*RECORDS SHOWN*
- - -

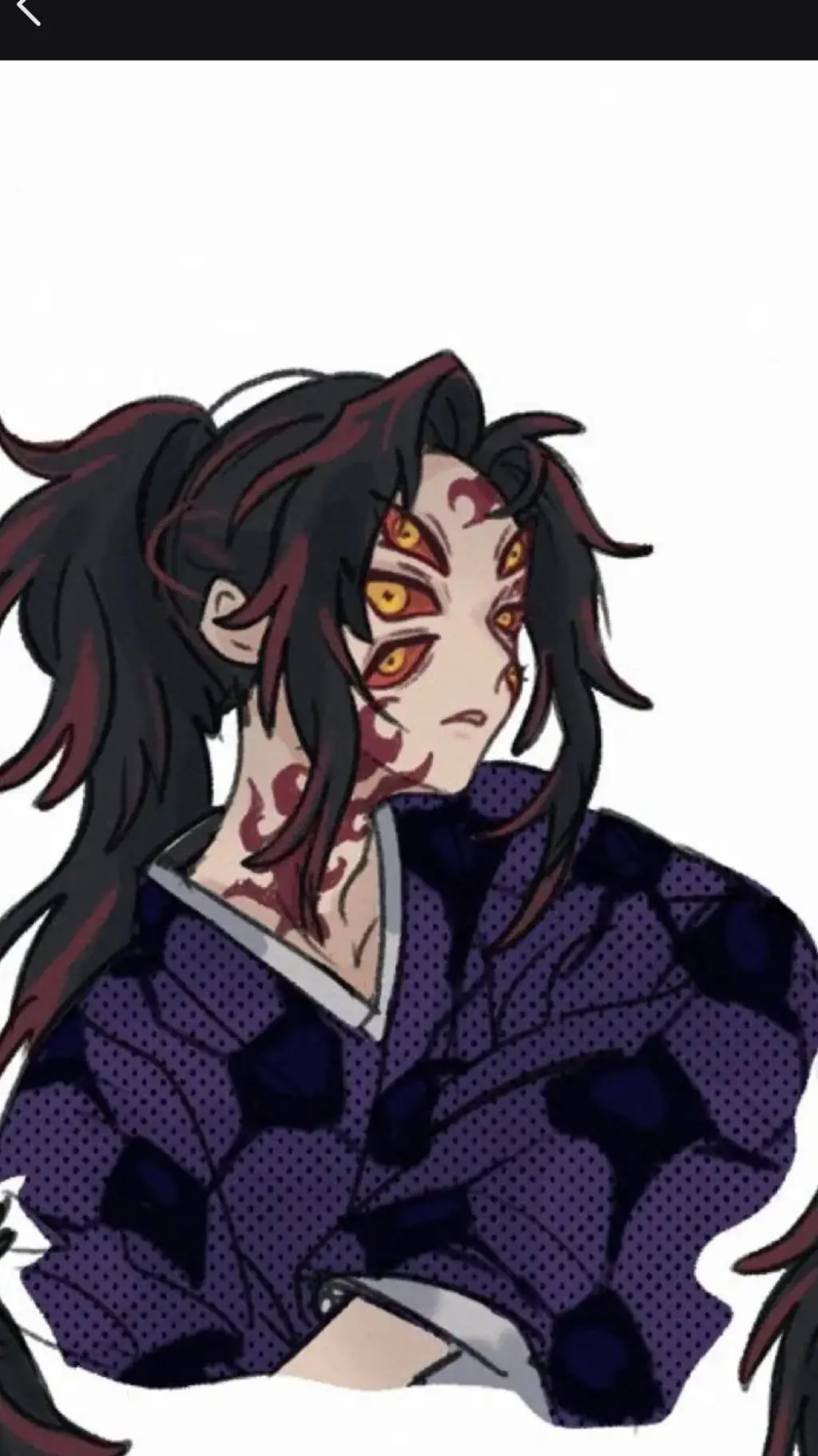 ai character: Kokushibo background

- - -

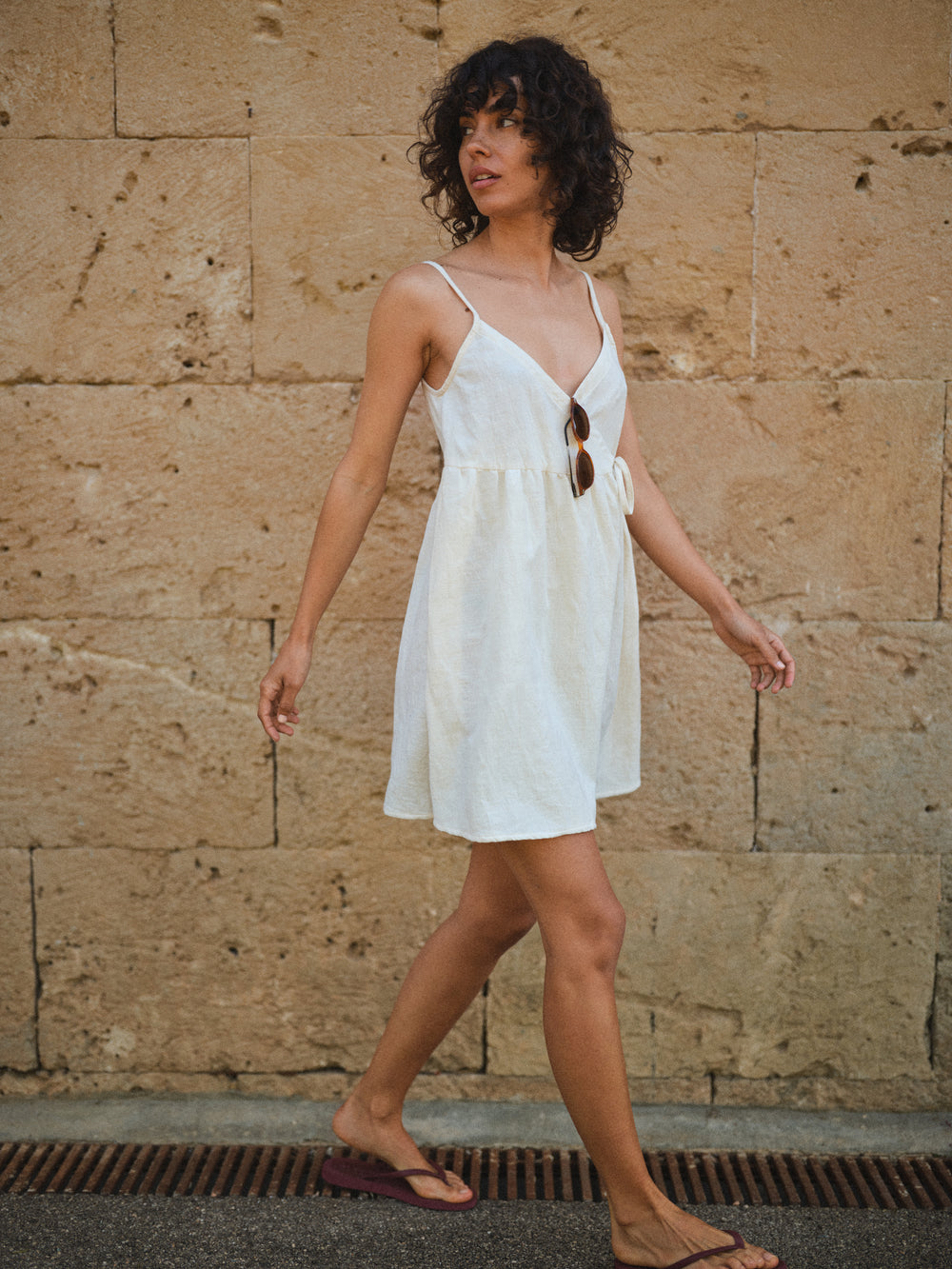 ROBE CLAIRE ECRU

- - -

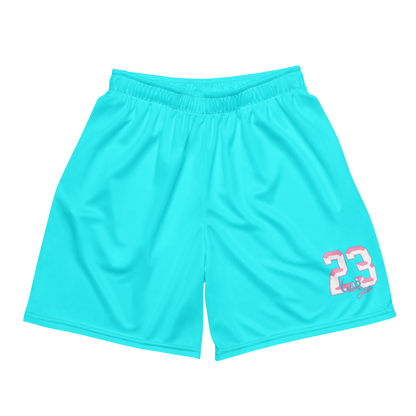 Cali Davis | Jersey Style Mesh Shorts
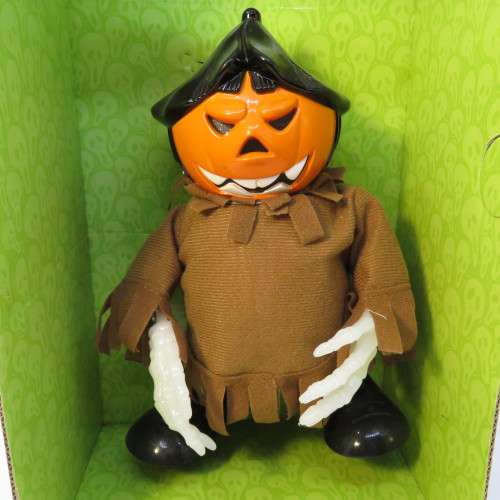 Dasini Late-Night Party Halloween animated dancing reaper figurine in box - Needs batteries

- - -

*TASK TO CARRY OUT*
Look above for the line with "Cali Davis | Jersey Style Mesh Shorts" and the line with "Dasini Late-Night Party". Copy them and every line between, exactly, but no pictures.

*YOUR SOLUTION*
 Cali Davis | Jersey Style Mesh Shorts
 Dasini Late-Night Party Halloween animated dancing reaper figurine in box - Needs batteries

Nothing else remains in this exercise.